Thursday, November 7, 2013

[mini] Why does LDP "require" a /32 Loopback?

A few days ago I asked a coworker why LDP sessions had issues if they weren't peered on /32s.  He answered, it doesn't have to be a /32, but the IGP and LDP had to agree on the mask length.  So I asked the more specific question - why does it have to agree on the mask length? He didn't know.  And neither did I.

Everyone seems to know that /32s are best practice for the LDP router ID.  But it's hard to find a good, clear explanation of why this is.

Let's start with some obvious facts.

- "The router considers all the IP addresses of all operational interfaces.... If these addresses include loopback interface addresses, the router selects the largest loopback address." http://www.cisco.com/en/US/docs/ios/12_4t/12_4t2/ftldp41.html#wp1654686

As always, my posts are geared for the CCIE lab, and it's a fair bet most of your gear on the lab is going to have a loopback.  So, expect the router ID to be a loopback, unless it's specified otherwise.

- You can specify the interface with mpls ldp router-id <interface>.  If you don't want it to be a loopback, or you want a certain loopback to be chosen over another, then use this command. If you want to change the router-id while LDP is already up you have to use the force command, i.e. mpls ldp router-id lo7 force.  If you don't use force, and LDP was already online, you'll have to reboot in order for the switch to take place.

- You can set the range of labels that LDP is allowed to use with mpls label range <lower> <upper>  I find this useful in debugging, because you can make your labels match your router number and it's easier to read the output.  LDP show commands are not always easy to interpret if you're not used to reading them.

-  "The LDP default behavior is to allocate local labels for all non-BGP prefixes."
http://www.cisco.com/en/US/docs/ios/12_4t/12_4t2/ftldp41.html#wp1654686

So what's that mean to us?  It might be better phrased as "The LDP default behavior is to allocate local labels choosing the best administrative distance as long as it's not from BGP".

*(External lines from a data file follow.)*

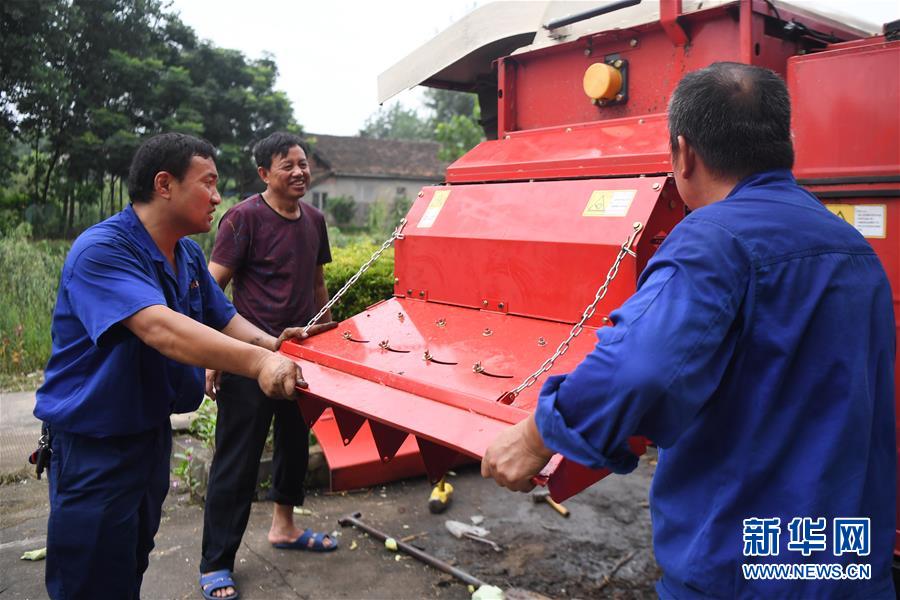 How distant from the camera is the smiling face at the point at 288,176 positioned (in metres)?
3.47

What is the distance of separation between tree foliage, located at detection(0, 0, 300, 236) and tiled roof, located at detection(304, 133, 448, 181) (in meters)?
9.91

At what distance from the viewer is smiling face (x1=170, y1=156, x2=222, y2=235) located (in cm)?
236

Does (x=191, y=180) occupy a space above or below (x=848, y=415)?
above

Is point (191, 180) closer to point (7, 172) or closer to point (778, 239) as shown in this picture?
point (778, 239)

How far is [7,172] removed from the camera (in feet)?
56.6

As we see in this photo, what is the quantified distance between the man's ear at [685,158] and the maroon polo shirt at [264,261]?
2.34 m

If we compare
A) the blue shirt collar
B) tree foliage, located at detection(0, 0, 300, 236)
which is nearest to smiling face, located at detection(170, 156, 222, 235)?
the blue shirt collar

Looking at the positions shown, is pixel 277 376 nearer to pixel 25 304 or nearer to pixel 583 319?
pixel 583 319

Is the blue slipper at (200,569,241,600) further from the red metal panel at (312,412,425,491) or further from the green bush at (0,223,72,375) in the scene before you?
the green bush at (0,223,72,375)

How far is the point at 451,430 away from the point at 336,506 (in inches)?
96.1

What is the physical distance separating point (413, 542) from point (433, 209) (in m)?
1.74


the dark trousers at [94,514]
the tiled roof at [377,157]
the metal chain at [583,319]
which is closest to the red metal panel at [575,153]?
the metal chain at [583,319]

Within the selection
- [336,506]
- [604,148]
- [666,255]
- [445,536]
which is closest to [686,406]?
[666,255]

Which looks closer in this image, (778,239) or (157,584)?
(778,239) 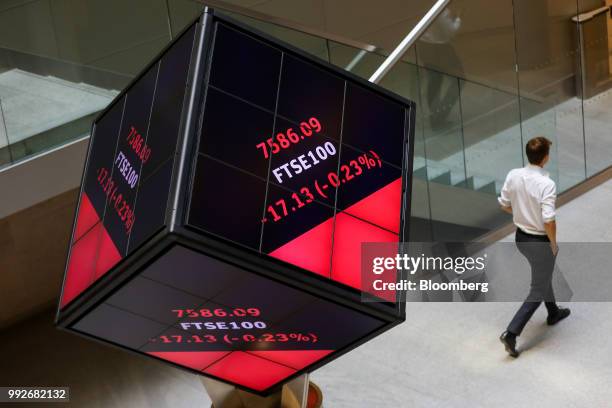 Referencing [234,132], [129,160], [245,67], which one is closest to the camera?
[234,132]

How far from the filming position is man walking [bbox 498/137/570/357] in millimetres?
6410

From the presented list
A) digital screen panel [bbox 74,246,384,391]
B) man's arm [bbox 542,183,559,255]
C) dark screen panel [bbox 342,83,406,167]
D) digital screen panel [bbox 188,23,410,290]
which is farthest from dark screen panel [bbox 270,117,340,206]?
man's arm [bbox 542,183,559,255]

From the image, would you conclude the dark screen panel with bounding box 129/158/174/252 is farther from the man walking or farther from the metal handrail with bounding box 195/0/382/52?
the man walking

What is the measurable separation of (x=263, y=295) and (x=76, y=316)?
0.64 m

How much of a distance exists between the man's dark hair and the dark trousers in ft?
1.60

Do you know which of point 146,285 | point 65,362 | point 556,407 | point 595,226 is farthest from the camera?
point 595,226

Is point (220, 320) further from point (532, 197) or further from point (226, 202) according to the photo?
point (532, 197)

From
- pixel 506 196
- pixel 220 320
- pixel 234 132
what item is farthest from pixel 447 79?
pixel 234 132

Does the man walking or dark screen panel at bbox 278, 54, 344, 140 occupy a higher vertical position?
dark screen panel at bbox 278, 54, 344, 140

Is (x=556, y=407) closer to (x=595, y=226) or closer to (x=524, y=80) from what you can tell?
(x=595, y=226)

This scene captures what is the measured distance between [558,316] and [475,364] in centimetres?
75

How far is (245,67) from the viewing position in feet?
10.7

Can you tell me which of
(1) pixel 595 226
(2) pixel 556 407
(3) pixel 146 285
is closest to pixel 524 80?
(1) pixel 595 226

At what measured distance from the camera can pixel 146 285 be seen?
10.2 feet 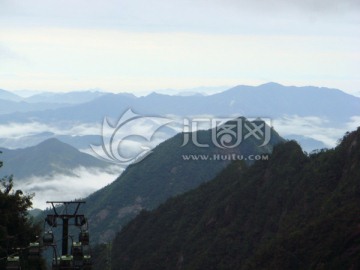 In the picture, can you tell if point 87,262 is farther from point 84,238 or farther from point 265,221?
point 265,221

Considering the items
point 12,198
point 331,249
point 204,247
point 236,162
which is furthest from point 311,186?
point 12,198

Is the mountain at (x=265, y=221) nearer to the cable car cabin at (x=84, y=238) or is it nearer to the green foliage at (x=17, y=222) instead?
the green foliage at (x=17, y=222)

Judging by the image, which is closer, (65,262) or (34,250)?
(34,250)

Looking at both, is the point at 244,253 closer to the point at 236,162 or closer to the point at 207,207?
the point at 207,207

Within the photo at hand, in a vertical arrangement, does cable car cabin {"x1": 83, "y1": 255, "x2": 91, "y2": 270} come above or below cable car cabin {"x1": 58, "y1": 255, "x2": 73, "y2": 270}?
below

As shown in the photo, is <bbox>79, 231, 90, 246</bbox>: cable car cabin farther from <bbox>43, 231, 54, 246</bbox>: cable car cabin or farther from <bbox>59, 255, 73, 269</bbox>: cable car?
<bbox>59, 255, 73, 269</bbox>: cable car

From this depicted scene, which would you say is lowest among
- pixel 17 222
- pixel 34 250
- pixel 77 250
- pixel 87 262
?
pixel 17 222

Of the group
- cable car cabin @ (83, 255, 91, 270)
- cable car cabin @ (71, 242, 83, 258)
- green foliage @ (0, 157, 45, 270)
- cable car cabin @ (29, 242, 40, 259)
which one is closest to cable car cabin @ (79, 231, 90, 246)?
cable car cabin @ (71, 242, 83, 258)

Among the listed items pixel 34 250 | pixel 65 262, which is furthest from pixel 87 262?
pixel 34 250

- This problem is most commonly seen with OSPF (although you could see it from a summary route as well).  The sure-fire way to demonstrate it is to create a /24 loopback and not change the default network type.  OSPF automatically uses network type LOOPBACK, which is always advertised as a /32.

- With MPLS VPNs, BGP actually distributes the labels for the VRFs, not LDP.  You learn the stacked VRF tag, relevant only to the egress PE, from BGP.  You also learn the global routing table's next hop.  The next-hop is used to find out the LDP label.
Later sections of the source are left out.